*Data extract*.
==============================

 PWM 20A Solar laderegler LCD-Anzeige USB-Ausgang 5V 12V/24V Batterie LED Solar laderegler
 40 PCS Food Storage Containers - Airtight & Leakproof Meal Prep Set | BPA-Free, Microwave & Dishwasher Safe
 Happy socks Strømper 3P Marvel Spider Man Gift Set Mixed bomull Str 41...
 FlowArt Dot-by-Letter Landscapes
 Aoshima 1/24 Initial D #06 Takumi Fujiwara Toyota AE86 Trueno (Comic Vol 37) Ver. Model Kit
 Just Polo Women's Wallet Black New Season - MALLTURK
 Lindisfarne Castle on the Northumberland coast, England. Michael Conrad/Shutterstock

==============================

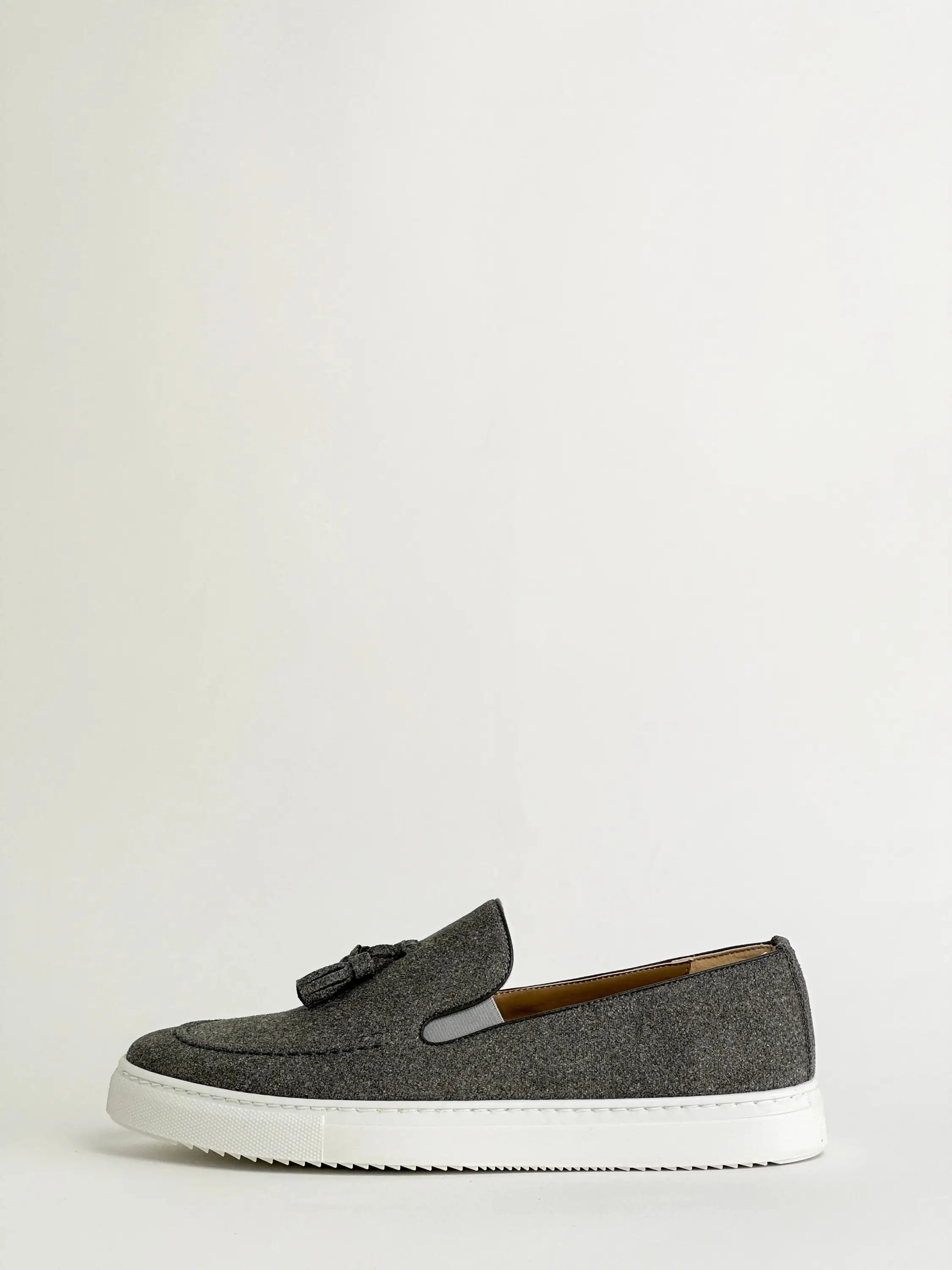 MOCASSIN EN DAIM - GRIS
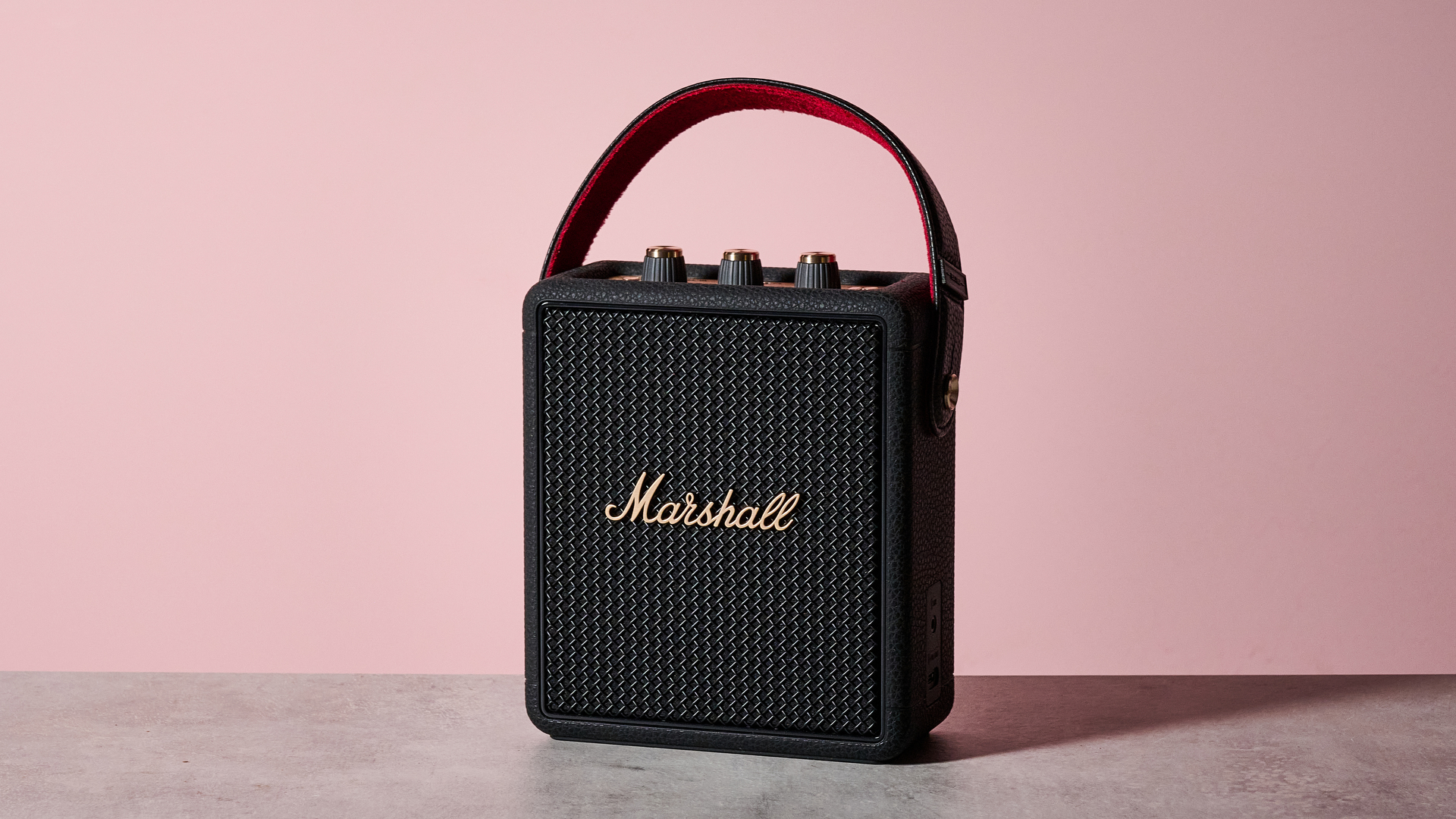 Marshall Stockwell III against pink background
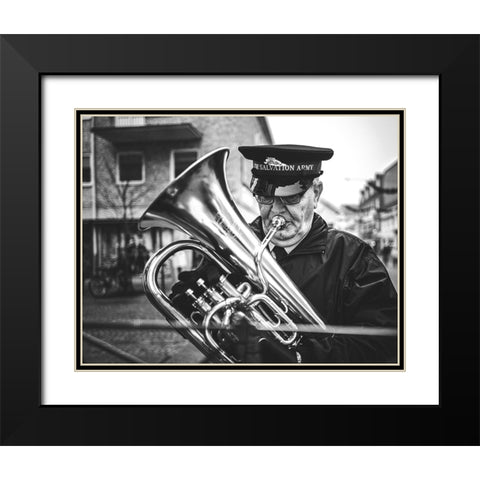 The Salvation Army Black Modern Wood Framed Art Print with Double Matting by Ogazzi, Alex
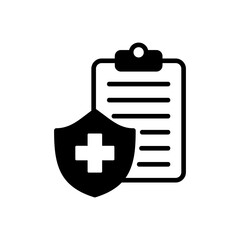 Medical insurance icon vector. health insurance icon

==============================

*Action item*. Repeat exactly the lines of the listing above, from the one with "PWM 20A Solar" down to the one with "Lindisfarne Castle on"; both of those lines belong in the range.

*Problem solution*.
 PWM 20A Solar laderegler LCD-Anzeige USB-Ausgang 5V 12V/24V Batterie LED Solar laderegler
 40 PCS Food Storage Containers - Airtight & Leakproof Meal Prep Set | BPA-Free, Microwave & Dishwasher Safe
 Happy socks Strømper 3P Marvel Spider Man Gift Set Mixed bomull Str 41...
 FlowArt Dot-by-Letter Landscapes
 Aoshima 1/24 Initial D #06 Takumi Fujiwara Toyota AE86 Trueno (Comic Vol 37) Ver. Model Kit
 Just Polo Women's Wallet Black New Season - MALLTURK
 Lindisfarne Castle on the Northumberland coast, England. Michael Conrad/Shutterstock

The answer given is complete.